Insofar as the film have a compelling plotline, it’s about trying to come to terms with this devolution of eccentric whiteness – or this devolution of “eccentricity” itself as a mechanism for assuring us that whiteness in and of itself encompasses diversity. This fixation with sustainable whiteness plays out through Bernadette’s architectural practice, since we quickly learn that she was a foundational proponent of green design – a hands-on ethos, use of found objects, and a fascination with all the minute ways that buildings could be made more environmentally friendly. Her masterpiece, we discover, was the “20 Mile House,” an experiment in sustainable living that only used building materials found in a twenty mile radius. Since the structure was bought and destroyed by a corporate overlord to make way for a carpark, her vision has languished, leaving her nothing to do except obsessively fashion and refashion her rambling old house, which occupies the windiest, coldest spot in the city.

Of course, it’s questionable whether the luxury fittings and bespoke environmentalism of the 20 Mile House were sustainable for anyone other than the 1% – a bracket that Bernadette seems to occupy quite comfortably, given her husband’s status as a major tech innovator. Accepting Bernadette, for the moment, as a sustainable visionary, however, it makes sense that she gradually turns her sites towards Antarctica, which has become a figurative focal points for anxieties about white longevity in the face of catastrophic climate change. As the largest ice field on earth and the whitest continent, it’s a natural outlet for Bernadette’s anxieties, which she gradually crystallises into a desperate need to see “the white continent” before it melts, even if it means leaving her husband and daughter behind with no warning.

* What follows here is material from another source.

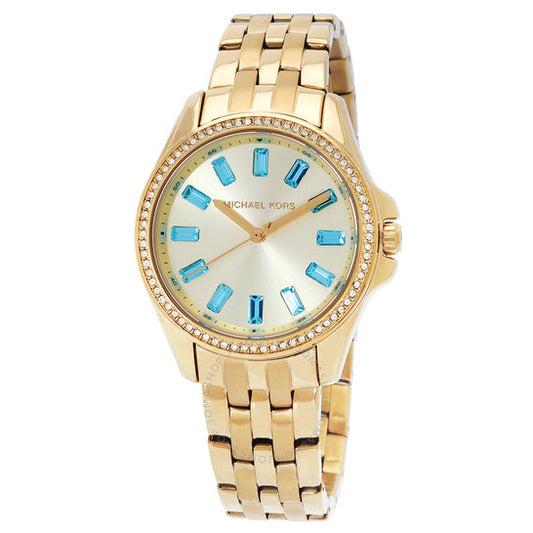 Michael Kors  Mini Pilot Pave Quartz Gold Dial Ladies Watch mk7366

This sudden departure for Antarctica explains the question in the film’s title, which ponders what it means to contemplate Antarctica as both the whitest visual field on the Earth’s surface, and the vista with the most apocalyptic implications for the entire planet. For Bernadette, this means finding a line of flight both to and from Antarctica, which she manages by getting a job to design to the new South Pole Station, occupied by only the most exclusive of scientists who are “over-wintering” at the bottom tip of the world. By designing the station, Bernadette situates herself in the heart of the continent, the part most secure from climate change, where she helps scientists remain safe enough to keep on rehabilitating the fringes.

No surprise, then, that Bernadette’s decision to accept this job coincides with her reuniting with her family, who arrive to join her between Palmer Station and South Pole Station. No surprise either, perhaps, that it ushers in the first really beautiful sequence in the film – the closing credits, which depict the construction of Bernadette’s vision for the South Pole, set to Cyndi Lauper’s “Time After Time.” Finally, we glimpse Bernadette’s appeal, and the film this might have been if it was made twenty years ago, while there’s a nice symmetry with the 20 Mile House, since everything has to be flown in from afar to make this building come alive.

Nevertheless, something doesn’t stick about the film as a whole – the lyricism comes too late, and ultimately feels like an afterthought for a white savior complex applied to the very climate changes issues that complex has so often exacerbated. For all the scientific optimism on the closing scenes, it’s hard not to feel that the South Pole functions here primarily as a pinnacle of whiteness, since as the most isolated part of the world, it’s also the most competitive and elite, meaning that Bernadette has to bring in the big guns to even get a chance at the job, even though she somehow immediately lands it as soon as she mentions her credentials too. Call it a strange experiment, then, more than a fully-formed film – and an experiment that is likely to seem even stranger with time, if only because it is already so weirdly out of time.